■ WHAT THIS TASK INVOLVES ■
Every line from the one with "Russian drone bursts" up to and including the one with "Dewar's Scotch Whisky" is to be output exactly as it appears below; pictures are not.

■ DATA TO PROCESS ■

—————

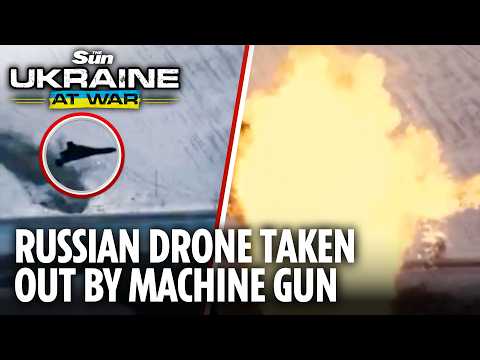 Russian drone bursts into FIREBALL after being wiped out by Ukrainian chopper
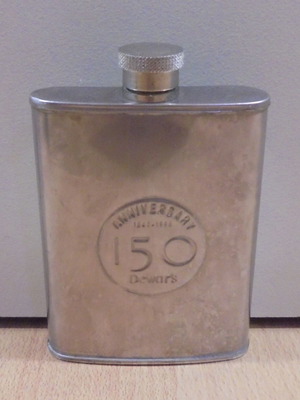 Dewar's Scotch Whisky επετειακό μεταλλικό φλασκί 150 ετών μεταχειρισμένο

—————

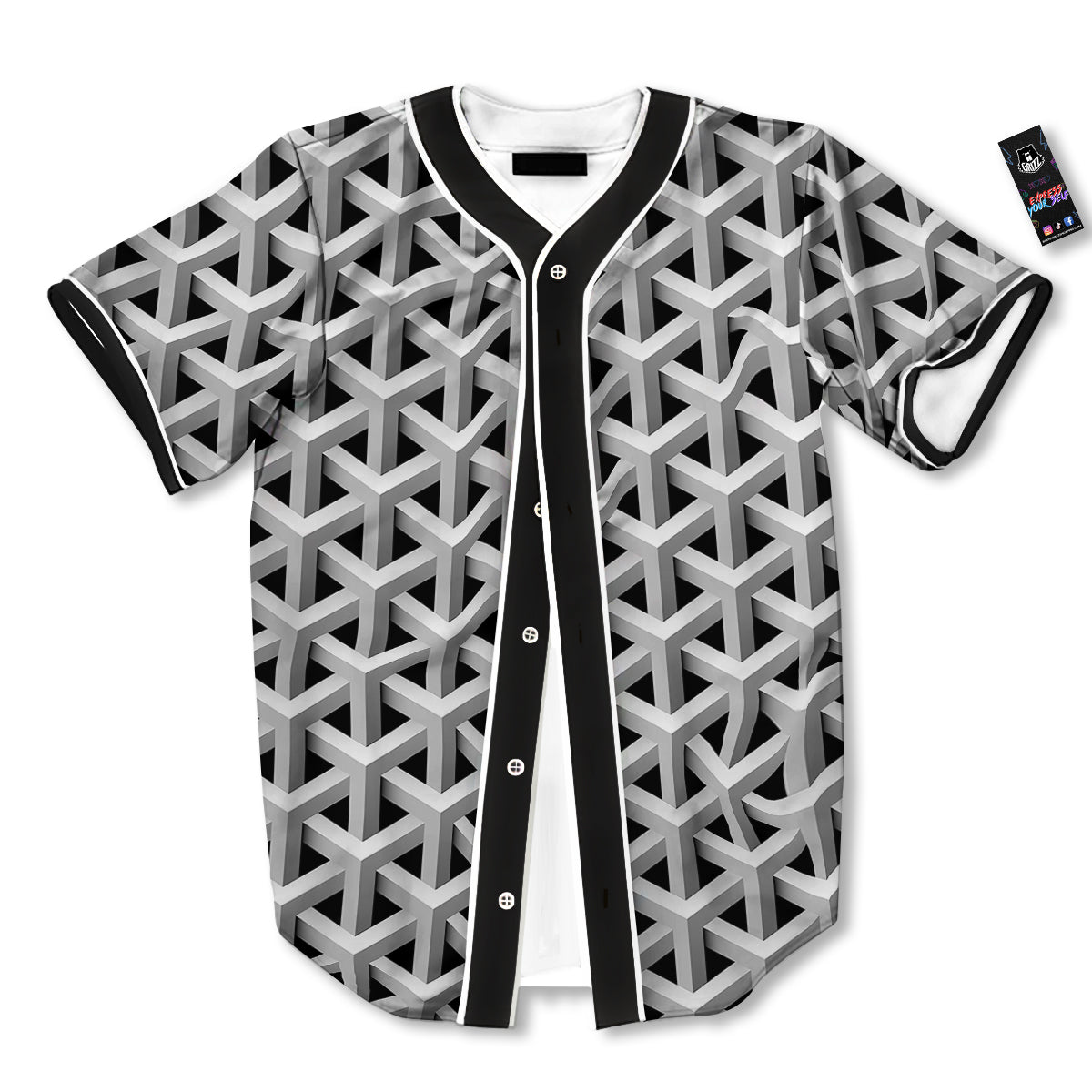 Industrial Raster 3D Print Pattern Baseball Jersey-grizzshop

—————

■ ANSWER FOR THE TASK ■
 Russian drone bursts into FIREBALL after being wiped out by Ukrainian chopper
 Dewar's Scotch Whisky επετειακό μεταλλικό φλασκί 150 ετών μεταχειρισμένο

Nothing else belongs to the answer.